In your copy of the entries, please include no pictures and return every word exactly.

[[ MATERIAL SHOWN, beginning ]]

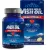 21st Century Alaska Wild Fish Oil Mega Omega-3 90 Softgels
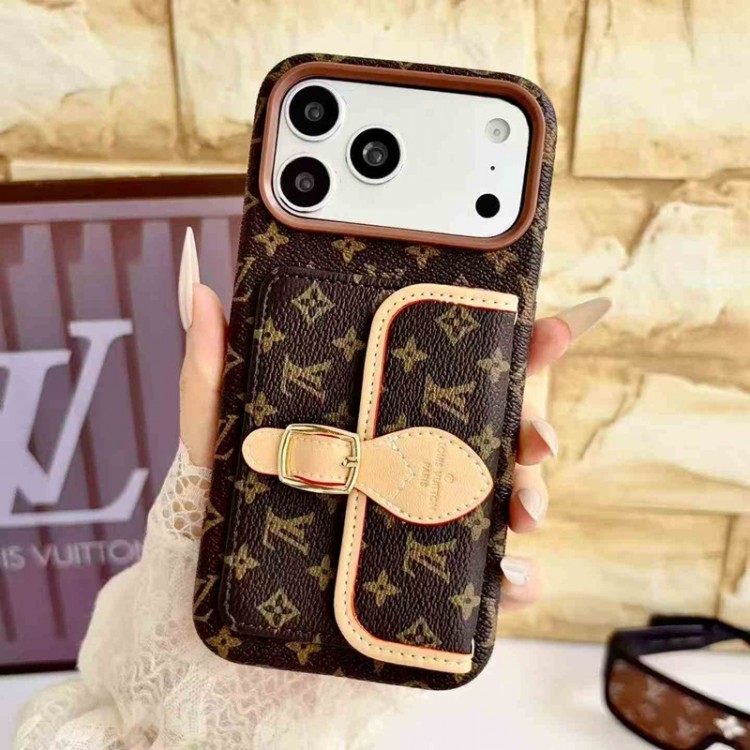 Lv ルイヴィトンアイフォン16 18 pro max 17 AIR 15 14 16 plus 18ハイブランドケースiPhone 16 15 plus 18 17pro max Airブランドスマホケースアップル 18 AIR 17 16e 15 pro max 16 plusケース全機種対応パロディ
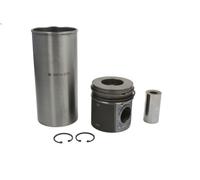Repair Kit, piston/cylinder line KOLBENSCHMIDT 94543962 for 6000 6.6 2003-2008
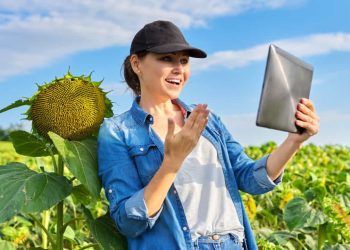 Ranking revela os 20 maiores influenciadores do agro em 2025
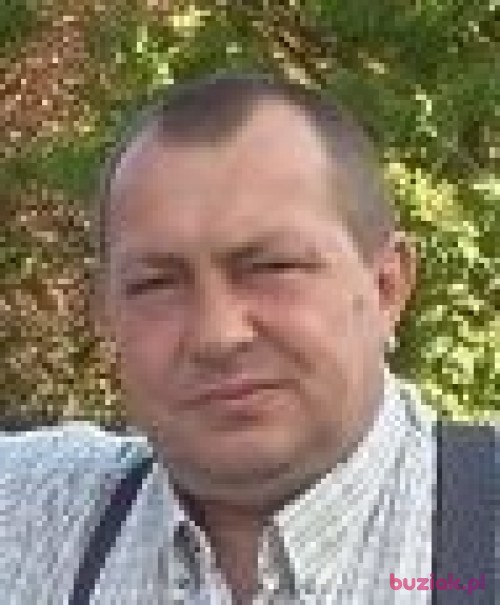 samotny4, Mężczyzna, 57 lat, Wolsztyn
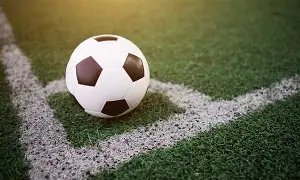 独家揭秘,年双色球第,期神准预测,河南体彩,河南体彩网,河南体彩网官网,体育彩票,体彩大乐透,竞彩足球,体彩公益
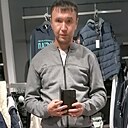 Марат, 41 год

[[ MATERIAL SHOWN, end ]]

**RESPONSE TO THE EXERCISE**
 21st Century Alaska Wild Fish Oil Mega Omega-3 90 Softgels
 Lv ルイヴィトンアイフォン16 18 pro max 17 AIR 15 14 16 plus 18ハイブランドケースiPhone 16 15 plus 18 17pro max Airブランドスマホケースアップル 18 AIR 17 16e 15 pro max 16 plusケース全機種対応パロディ
Repair Kit, piston/cylinder line KOLBENSCHMIDT 94543962 for 6000 6.6 2003-2008
 Ranking revela os 20 maiores influenciadores do agro em 2025
 samotny4, Mężczyzna, 57 lat, Wolsztyn
 独家揭秘,年双色球第,期神准预测,河南体彩,河南体彩网,河南体彩网官网,体育彩票,体彩大乐透,竞彩足球,体彩公益
 Марат, 41 год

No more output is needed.